• [Work order]:
Please reproduce, exactly and with nothing added, the line containing "Silenus støttet af" and every line after it to the end of the records.

• [Dataset]:
-- -- --

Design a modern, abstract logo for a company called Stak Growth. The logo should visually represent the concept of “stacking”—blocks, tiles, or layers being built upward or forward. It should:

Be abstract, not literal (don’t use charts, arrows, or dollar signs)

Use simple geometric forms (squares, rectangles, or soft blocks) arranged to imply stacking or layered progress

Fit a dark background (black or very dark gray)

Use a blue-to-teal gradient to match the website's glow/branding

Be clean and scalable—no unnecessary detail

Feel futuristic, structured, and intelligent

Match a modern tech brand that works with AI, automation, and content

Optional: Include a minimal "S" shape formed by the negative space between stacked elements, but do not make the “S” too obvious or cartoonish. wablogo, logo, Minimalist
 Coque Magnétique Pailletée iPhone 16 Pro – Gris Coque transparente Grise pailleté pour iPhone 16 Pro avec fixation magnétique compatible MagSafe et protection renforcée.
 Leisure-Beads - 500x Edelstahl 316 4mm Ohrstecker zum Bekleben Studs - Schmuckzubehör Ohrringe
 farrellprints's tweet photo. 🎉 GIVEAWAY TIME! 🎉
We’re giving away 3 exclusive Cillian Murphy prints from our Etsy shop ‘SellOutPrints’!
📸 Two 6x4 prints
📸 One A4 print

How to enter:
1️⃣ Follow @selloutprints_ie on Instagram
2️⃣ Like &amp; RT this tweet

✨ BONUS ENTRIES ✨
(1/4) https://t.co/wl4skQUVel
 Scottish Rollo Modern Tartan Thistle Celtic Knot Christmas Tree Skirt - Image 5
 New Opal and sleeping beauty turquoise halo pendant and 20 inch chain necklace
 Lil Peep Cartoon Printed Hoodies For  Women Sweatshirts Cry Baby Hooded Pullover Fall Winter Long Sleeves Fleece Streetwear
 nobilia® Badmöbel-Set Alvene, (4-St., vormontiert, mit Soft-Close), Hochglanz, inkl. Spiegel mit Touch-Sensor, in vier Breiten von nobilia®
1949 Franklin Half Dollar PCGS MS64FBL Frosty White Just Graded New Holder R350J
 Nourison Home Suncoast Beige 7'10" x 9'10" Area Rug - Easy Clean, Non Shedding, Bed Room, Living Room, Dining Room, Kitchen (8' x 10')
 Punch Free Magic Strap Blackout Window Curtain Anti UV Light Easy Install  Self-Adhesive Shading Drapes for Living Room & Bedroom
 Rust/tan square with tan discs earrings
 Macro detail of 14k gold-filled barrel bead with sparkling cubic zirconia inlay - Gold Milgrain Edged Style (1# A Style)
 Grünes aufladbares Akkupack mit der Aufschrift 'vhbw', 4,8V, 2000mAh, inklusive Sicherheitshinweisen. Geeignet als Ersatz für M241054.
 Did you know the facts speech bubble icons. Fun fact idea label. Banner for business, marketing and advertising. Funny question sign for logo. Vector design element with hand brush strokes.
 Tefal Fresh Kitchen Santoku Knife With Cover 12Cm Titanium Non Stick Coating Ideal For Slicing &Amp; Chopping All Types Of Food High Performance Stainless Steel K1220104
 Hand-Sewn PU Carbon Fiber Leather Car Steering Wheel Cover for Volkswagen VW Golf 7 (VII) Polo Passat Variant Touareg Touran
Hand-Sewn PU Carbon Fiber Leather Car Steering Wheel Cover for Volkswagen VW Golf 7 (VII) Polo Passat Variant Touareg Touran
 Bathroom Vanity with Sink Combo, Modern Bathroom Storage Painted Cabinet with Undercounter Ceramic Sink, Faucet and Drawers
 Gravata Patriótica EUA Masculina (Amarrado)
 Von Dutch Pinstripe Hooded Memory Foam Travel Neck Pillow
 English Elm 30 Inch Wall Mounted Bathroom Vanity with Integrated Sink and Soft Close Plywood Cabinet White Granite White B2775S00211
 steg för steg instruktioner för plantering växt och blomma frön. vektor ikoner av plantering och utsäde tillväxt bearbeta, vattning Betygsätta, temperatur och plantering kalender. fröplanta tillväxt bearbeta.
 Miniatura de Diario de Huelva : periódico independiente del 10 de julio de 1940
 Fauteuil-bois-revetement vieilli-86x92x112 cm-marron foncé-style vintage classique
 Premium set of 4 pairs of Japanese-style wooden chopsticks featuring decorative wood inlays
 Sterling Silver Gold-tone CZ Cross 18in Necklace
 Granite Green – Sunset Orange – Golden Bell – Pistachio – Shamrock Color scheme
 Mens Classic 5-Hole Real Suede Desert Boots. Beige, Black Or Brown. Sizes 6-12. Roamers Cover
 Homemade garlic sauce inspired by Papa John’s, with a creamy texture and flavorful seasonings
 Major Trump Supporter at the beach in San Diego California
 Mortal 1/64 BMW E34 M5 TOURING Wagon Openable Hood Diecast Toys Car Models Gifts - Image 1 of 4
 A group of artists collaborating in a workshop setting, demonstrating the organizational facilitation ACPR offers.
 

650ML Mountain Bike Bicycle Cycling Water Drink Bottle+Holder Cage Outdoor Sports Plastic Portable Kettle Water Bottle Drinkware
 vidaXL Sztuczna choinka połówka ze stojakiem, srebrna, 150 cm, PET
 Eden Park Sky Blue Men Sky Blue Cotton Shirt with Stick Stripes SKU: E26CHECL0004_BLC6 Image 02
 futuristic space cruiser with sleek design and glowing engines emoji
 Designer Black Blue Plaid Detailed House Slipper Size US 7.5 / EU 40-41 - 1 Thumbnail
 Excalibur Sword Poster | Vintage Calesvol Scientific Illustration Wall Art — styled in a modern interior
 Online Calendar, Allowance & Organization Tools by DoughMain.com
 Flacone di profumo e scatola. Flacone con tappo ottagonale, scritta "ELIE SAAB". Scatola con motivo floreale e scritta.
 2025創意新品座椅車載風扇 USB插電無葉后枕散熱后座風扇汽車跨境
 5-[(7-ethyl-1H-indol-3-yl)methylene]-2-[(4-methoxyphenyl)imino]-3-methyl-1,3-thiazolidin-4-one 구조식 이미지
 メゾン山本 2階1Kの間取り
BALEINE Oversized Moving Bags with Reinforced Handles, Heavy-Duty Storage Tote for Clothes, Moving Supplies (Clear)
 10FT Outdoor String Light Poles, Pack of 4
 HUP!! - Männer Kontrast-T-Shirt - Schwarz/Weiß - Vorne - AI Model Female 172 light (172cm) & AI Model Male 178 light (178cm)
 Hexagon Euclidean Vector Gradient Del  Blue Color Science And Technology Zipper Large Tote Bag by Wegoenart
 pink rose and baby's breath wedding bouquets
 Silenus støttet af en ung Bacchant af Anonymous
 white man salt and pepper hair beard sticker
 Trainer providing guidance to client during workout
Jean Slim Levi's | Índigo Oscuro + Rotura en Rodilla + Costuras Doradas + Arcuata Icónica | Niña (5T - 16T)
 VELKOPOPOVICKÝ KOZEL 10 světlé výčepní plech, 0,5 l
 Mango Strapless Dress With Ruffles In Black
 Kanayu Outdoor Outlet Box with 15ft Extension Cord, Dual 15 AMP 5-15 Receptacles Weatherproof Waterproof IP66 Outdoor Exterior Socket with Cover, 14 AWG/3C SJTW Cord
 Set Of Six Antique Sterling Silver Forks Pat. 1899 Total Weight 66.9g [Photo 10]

-- -- --

• [Reply to the exercise]:
 Silenus støttet af en ung Bacchant af Anonymous
 white man salt and pepper hair beard sticker
 Trainer providing guidance to client during workout
Jean Slim Levi's | Índigo Oscuro + Rotura en Rodilla + Costuras Doradas + Arcuata Icónica | Niña (5T - 16T)
 VELKOPOPOVICKÝ KOZEL 10 světlé výčepní plech, 0,5 l
 Mango Strapless Dress With Ruffles In Black
 Kanayu Outdoor Outlet Box with 15ft Extension Cord, Dual 15 AMP 5-15 Receptacles Weatherproof Waterproof IP66 Outdoor Exterior Socket with Cover, 14 AWG/3C SJTW Cord
 Set Of Six Antique Sterling Silver Forks Pat. 1899 Total Weight 66.9g [Photo 10]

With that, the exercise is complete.